Doctor of Philosophy (PhD)

First Advisor

James R. Markusen

Second Advisor

Jeronimo Carballo

Third Advisor

Wolfgang Keller

Fourth Advisor

Jin-Hyuk Kim

Fifth Advisor

Edward J. Balistreri

Abstract

This dissertation explores the trade patterns of quality-differentiated goods and the welfare effects of rules of origin. Chapter 1 studies a taste for quality channel through which a destination's income per capita causes the variety-quality tradeoff in product exports. I find that, holding market size constant, the elasticity of consumer taste for quality with respect to income per capita determines the differences between rich and poor countries in productivity thresholds, firm market shares, and number of varieties produced. Using firm-level data, empirical support for the theoretical predictions are found. Conditional on entry, low-quality export sales are decreasing in the destination country's GDP per capita, while the relationship between high-quality export sales and income per capita exhibits an inverted-U shape.

Chapter 2 considers the effects of import tariff reductions on the quality of China's exports. I focus on a composition effect arising from firm self-selection into the ordinary and the processing trade regimes following tariff reductions and provide an explanation for the over time declining trend of China's exports quality documented in trade literature. Processing firms produce higher quality goods than ordinary firms due to tariff exemptions on the processing activity. A lower import tariff favors ordinary exporting firms in that cheaper imported inputs induce firms to upgrade product quality and compete for larger market shares.
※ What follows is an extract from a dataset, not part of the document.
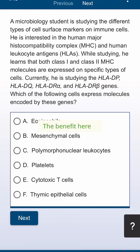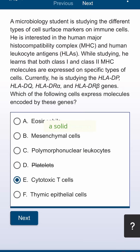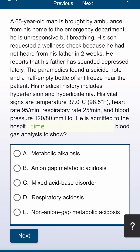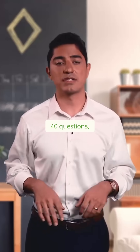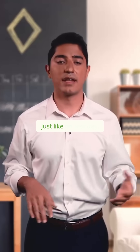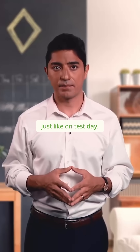The benefit here is that you spend with this technique a solid hour in timed mode going through 40 questions, just like on test day.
Chapter 3 investigates the impacts of rules of origin (ROOs) on FTA utilization rates and on country welfare. I develop a general equilibrium model featuring both variable and fixed costs of complying with ROOs. A binding ROO forces exporters to employ more locally produced inputs instead of using the most efficient manufacturing process. Additionally, firms face fixed documentation costs due to the administrative process of obtaining certificates of origin. Whether firms utilize an FTA depends on the tariff benefits net of the extra costs. I show that: (1) as the ROO becomes stricter, the FTA utilization rate decreases and the dominant extensive margin drives down the wage rate in the downstream country; (2) the welfare effects of ROOs are ambiguous depending on the elasticity of substitution between varieties.